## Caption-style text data
######

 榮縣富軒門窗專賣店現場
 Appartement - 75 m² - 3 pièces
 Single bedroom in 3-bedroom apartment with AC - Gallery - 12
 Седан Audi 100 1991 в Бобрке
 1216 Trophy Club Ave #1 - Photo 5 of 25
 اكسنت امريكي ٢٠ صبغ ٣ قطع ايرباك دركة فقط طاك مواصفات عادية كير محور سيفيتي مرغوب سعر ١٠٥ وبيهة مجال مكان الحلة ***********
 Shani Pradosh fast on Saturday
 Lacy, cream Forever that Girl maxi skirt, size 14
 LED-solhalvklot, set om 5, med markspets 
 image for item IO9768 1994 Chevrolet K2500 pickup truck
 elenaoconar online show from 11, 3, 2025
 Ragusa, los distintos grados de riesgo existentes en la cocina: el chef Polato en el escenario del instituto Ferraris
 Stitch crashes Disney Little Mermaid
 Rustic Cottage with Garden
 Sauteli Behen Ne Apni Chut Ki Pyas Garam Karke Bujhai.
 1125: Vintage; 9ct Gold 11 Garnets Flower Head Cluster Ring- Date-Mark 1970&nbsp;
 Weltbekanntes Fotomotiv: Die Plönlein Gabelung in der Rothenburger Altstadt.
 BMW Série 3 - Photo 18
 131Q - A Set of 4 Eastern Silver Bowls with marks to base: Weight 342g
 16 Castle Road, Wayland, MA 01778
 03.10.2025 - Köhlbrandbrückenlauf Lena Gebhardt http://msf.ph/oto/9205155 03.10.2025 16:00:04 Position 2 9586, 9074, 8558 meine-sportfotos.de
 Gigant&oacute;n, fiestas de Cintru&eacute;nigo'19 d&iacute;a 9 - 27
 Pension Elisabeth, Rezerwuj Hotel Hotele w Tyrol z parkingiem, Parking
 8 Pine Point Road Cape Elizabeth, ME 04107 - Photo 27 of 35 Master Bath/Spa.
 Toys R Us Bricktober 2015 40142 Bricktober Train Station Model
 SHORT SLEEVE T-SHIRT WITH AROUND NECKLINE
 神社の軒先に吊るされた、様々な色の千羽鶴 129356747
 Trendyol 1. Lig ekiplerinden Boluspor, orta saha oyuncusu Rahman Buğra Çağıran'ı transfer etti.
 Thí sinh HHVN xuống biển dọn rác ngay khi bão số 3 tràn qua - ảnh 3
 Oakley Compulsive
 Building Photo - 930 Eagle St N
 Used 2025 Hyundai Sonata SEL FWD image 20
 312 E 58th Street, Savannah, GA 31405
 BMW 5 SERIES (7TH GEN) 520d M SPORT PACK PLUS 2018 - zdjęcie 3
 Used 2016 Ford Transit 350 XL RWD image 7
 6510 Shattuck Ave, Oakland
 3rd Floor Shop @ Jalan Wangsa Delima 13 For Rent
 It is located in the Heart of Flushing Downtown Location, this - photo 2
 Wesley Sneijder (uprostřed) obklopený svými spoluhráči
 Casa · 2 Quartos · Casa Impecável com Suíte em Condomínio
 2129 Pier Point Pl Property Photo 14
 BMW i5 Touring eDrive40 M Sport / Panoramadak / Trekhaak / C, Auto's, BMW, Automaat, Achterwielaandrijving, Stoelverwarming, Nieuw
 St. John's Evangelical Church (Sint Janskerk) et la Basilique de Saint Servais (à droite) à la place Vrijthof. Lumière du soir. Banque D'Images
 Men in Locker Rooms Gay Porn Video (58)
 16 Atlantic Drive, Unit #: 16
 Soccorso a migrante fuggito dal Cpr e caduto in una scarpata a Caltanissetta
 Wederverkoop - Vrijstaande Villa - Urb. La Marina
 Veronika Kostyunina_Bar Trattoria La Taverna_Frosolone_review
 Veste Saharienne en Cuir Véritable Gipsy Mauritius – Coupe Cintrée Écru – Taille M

######

## Directions for this task
Print out each record above exactly, with nothing omitted.

## Result of the exercise
 榮縣富軒門窗專賣店現場
 Appartement - 75 m² - 3 pièces
 Single bedroom in 3-bedroom apartment with AC - Gallery - 12
 Седан Audi 100 1991 в Бобрке
 1216 Trophy Club Ave #1 - Photo 5 of 25
 اكسنت امريكي ٢٠ صبغ ٣ قطع ايرباك دركة فقط طاك مواصفات عادية كير محور سيفيتي مرغوب سعر ١٠٥ وبيهة مجال مكان الحلة ***********
 Shani Pradosh fast on Saturday
 Lacy, cream Forever that Girl maxi skirt, size 14
 LED-solhalvklot, set om 5, med markspets 
 image for item IO9768 1994 Chevrolet K2500 pickup truck
 elenaoconar online show from 11, 3, 2025
 Ragusa, los distintos grados de riesgo existentes en la cocina: el chef Polato en el escenario del instituto Ferraris
 Stitch crashes Disney Little Mermaid
 Rustic Cottage with Garden
 Sauteli Behen Ne Apni Chut Ki Pyas Garam Karke Bujhai.
 1125: Vintage; 9ct Gold 11 Garnets Flower Head Cluster Ring- Date-Mark 1970&nbsp;
 Weltbekanntes Fotomotiv: Die Plönlein Gabelung in der Rothenburger Altstadt.
 BMW Série 3 - Photo 18
 131Q - A Set of 4 Eastern Silver Bowls with marks to base: Weight 342g
 16 Castle Road, Wayland, MA 01778
 03.10.2025 - Köhlbrandbrückenlauf Lena Gebhardt http://msf.ph/oto/9205155 03.10.2025 16:00:04 Position 2 9586, 9074, 8558 meine-sportfotos.de
 Gigant&oacute;n, fiestas de Cintru&eacute;nigo'19 d&iacute;a 9 - 27
 Pension Elisabeth, Rezerwuj Hotel Hotele w Tyrol z parkingiem, Parking
 8 Pine Point Road Cape Elizabeth, ME 04107 - Photo 27 of 35 Master Bath/Spa.
 Toys R Us Bricktober 2015 40142 Bricktober Train Station Model
 SHORT SLEEVE T-SHIRT WITH AROUND NECKLINE
 神社の軒先に吊るされた、様々な色の千羽鶴 129356747
 Trendyol 1. Lig ekiplerinden Boluspor, orta saha oyuncusu Rahman Buğra Çağıran'ı transfer etti.
 Thí sinh HHVN xuống biển dọn rác ngay khi bão số 3 tràn qua - ảnh 3
 Oakley Compulsive
 Building Photo - 930 Eagle St N
 Used 2025 Hyundai Sonata SEL FWD image 20
 312 E 58th Street, Savannah, GA 31405
 BMW 5 SERIES (7TH GEN) 520d M SPORT PACK PLUS 2018 - zdjęcie 3
 Used 2016 Ford Transit 350 XL RWD image 7
 6510 Shattuck Ave, Oakland
 3rd Floor Shop @ Jalan Wangsa Delima 13 For Rent
 It is located in the Heart of Flushing Downtown Location, this - photo 2
 Wesley Sneijder (uprostřed) obklopený svými spoluhráči
 Casa · 2 Quartos · Casa Impecável com Suíte em Condomínio
 2129 Pier Point Pl Property Photo 14
 BMW i5 Touring eDrive40 M Sport / Panoramadak / Trekhaak / C, Auto's, BMW, Automaat, Achterwielaandrijving, Stoelverwarming, Nieuw
 St. John's Evangelical Church (Sint Janskerk) et la Basilique de Saint Servais (à droite) à la place Vrijthof. Lumière du soir. Banque D'Images
 Men in Locker Rooms Gay Porn Video (58)
 16 Atlantic Drive, Unit #: 16
 Soccorso a migrante fuggito dal Cpr e caduto in una scarpata a Caltanissetta
 Wederverkoop - Vrijstaande Villa - Urb. La Marina
 Veronika Kostyunina_Bar Trattoria La Taverna_Frosolone_review
 Veste Saharienne en Cuir Véritable Gipsy Mauritius – Coupe Cintrée Écru – Taille M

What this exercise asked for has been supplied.